No es tan fácil definir el despilfarro

OPINIÓN

02 ago 2012 . Actualizado a las 07:00 h.

Soledad Becerril, que habrá entrado cientos de veces en la catedral de Sevilla, debió sentir frecuentes deseos de detener a todos los que la construyeron, desde los almohades del siglo X, que levantaron la Giralda, hasta los que iniciaron la obra sin saber si habría dinero para pagarla, aceptando como lema la célebre decisión del cabildo metropolitano: «Hagamos un templo tan grande que las generaciones venideras nos tengan por locos».

Con los criterios de vigilancia penal que la nueva defensora del pueblo acaba de esbozar -o de improvisar de forma indocumentada y confusa-, la catedral sevillana es una obra faraónica que, por estar rodeada de bellísimas iglesias, resulta también inútil, y que se inició sin saber con qué se iba a pagar. Así que el destino de sus promotores debería ser la cárcel. Pero el resultado de aquel dispendio y desmesura es la obra más hermosa, grandiosa, querida y rentable de la urbe del Guadalquivir, y la que mejor pregona su nombre.
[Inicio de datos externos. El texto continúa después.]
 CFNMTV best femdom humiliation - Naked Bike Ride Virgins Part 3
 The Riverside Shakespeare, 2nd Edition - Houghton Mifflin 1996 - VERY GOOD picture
Es decir, el único edificio absolutamente imprescindible que tiene Sevilla.

Porque, hecha excepción de las pirámides de Egipto, ni es tan fácil definir lo faraónico y la desmesura -¿la torre Eiffel, el Vaticano, el acelerador de partículas del CERN, el Parlamento británico, el Escorial, el puente Vasco da Gama, los rascacielos de Manhattan?-, ni es inteligente el intento de marcar desde una sola perspectiva -la económica-, y con un único criterio -la cutre visión del mundo que tenemos hoy-, el curso de la civilización. Por eso me extraña la fiebre demoledora que se está adueñando de esta España que, atribulada por un error colectivo y perfectamente subsanable, está prestando oídos complacientes a todos los que, habiendo profesado con vocación tardía en la cofradía de los ahorradores, están dispuestos a mutilar parlamentos, frenar proyectos de envergadura, cerrar instituciones y aplicarle el hacha al sistema constitucional vigente, para poder salvar -¡eso sí que es sagrado!- la extra de Navidad del 2012.

Que haya que reformar el Estado no significa que cualquiera, sin más bagaje que su fiebre resolutiva, ni más legitimidad que el control de una ínfima parte del sistema, agarre la piqueta y se ponga a demoler. Y que el ajuste sea urgente y necesario tampoco convierte en aciertos las decisiones aisladas y prematuras que están desestructurando un sistema sin alumbrar otro, o que deslegitiman acuerdos históricos sin generar nuevos consensos.

Claro que tanta fiebre de reformas es comprensible si, bajo la presión de la crisis, se impone en el pub y a grito pelado. Pero no parece tolerable si se alienta desde las instituciones, las cátedras, las columnas de opinión y los ministerios. Porque la congruencia del Estado es un bien que hay que preservar, y que, si se destruye atropelladamente, tardará decenios en reponerse.